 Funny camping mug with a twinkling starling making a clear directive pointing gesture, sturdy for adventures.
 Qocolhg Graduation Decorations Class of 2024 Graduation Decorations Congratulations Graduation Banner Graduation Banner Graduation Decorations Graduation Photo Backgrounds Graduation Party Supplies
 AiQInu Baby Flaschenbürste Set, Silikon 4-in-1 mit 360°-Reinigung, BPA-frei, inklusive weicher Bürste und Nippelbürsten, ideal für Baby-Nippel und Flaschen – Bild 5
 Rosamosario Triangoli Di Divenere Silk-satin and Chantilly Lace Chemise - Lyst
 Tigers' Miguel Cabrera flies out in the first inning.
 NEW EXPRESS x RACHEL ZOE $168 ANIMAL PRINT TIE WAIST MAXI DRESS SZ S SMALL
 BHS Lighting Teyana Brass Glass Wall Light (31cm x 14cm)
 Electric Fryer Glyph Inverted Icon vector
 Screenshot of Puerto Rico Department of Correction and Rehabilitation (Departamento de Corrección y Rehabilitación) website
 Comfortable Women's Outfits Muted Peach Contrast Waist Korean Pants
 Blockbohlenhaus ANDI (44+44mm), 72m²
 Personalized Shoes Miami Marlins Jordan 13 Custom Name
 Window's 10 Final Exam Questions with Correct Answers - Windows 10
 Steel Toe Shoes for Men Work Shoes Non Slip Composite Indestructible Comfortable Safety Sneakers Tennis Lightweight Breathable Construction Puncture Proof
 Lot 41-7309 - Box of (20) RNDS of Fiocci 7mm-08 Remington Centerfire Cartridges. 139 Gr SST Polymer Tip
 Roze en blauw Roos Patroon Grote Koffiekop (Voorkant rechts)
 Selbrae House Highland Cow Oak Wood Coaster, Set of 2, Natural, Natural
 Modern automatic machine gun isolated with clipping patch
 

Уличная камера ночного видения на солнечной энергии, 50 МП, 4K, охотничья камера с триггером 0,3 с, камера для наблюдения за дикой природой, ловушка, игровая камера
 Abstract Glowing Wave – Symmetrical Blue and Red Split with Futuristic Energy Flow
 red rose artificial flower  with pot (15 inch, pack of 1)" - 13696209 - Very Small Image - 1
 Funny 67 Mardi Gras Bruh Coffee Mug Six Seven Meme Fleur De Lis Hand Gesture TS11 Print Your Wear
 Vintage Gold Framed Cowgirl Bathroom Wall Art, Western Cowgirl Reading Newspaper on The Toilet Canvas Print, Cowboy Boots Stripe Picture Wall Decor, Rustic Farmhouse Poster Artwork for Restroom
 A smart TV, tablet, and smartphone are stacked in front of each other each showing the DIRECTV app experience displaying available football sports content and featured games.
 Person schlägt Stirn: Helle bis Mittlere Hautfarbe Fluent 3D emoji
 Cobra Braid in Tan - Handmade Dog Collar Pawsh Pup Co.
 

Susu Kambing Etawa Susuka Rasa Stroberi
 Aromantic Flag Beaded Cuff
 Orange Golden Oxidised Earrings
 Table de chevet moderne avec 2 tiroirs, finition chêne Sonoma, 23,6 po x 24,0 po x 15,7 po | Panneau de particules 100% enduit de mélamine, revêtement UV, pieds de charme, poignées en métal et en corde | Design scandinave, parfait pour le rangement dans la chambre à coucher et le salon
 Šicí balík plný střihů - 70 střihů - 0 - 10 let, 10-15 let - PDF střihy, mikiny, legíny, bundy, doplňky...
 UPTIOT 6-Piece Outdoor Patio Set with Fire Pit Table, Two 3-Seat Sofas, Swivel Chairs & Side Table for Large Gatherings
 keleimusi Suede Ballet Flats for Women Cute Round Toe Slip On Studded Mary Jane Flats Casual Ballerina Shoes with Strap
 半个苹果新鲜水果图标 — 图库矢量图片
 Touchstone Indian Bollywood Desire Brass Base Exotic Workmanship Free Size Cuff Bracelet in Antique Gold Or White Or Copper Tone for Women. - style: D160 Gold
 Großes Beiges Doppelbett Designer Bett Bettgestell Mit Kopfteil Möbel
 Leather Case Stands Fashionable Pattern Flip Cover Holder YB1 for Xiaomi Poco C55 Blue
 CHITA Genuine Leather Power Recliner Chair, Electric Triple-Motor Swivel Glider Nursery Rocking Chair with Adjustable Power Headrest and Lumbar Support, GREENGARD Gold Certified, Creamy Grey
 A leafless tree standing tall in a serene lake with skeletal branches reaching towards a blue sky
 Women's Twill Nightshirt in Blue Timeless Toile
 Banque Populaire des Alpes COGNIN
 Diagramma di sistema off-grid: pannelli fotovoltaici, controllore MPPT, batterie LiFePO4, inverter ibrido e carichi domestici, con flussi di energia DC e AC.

++++++++++++++++++++

WHAT IS NEEDED
Write out exactly the lines above from the line with "BHS Lighting Teyana" through the line with "A smart TV, tablet, and", both of them included, and leave out all other lines.

ANSWER SPACE
 BHS Lighting Teyana Brass Glass Wall Light (31cm x 14cm)
 Electric Fryer Glyph Inverted Icon vector
 Screenshot of Puerto Rico Department of Correction and Rehabilitation (Departamento de Corrección y Rehabilitación) website
 Comfortable Women's Outfits Muted Peach Contrast Waist Korean Pants
 Blockbohlenhaus ANDI (44+44mm), 72m²
 Personalized Shoes Miami Marlins Jordan 13 Custom Name
 Window's 10 Final Exam Questions with Correct Answers - Windows 10
 Steel Toe Shoes for Men Work Shoes Non Slip Composite Indestructible Comfortable Safety Sneakers Tennis Lightweight Breathable Construction Puncture Proof
 Lot 41-7309 - Box of (20) RNDS of Fiocci 7mm-08 Remington Centerfire Cartridges. 139 Gr SST Polymer Tip
 Roze en blauw Roos Patroon Grote Koffiekop (Voorkant rechts)
 Selbrae House Highland Cow Oak Wood Coaster, Set of 2, Natural, Natural
 Modern automatic machine gun isolated with clipping patch
 

Уличная камера ночного видения на солнечной энергии, 50 МП, 4K, охотничья камера с триггером 0,3 с, камера для наблюдения за дикой природой, ловушка, игровая камера
 Abstract Glowing Wave – Symmetrical Blue and Red Split with Futuristic Energy Flow
 red rose artificial flower  with pot (15 inch, pack of 1)" - 13696209 - Very Small Image - 1
 Funny 67 Mardi Gras Bruh Coffee Mug Six Seven Meme Fleur De Lis Hand Gesture TS11 Print Your Wear
 Vintage Gold Framed Cowgirl Bathroom Wall Art, Western Cowgirl Reading Newspaper on The Toilet Canvas Print, Cowboy Boots Stripe Picture Wall Decor, Rustic Farmhouse Poster Artwork for Restroom
 A smart TV, tablet, and smartphone are stacked in front of each other each showing the DIRECTV app experience displaying available football sports content and featured games.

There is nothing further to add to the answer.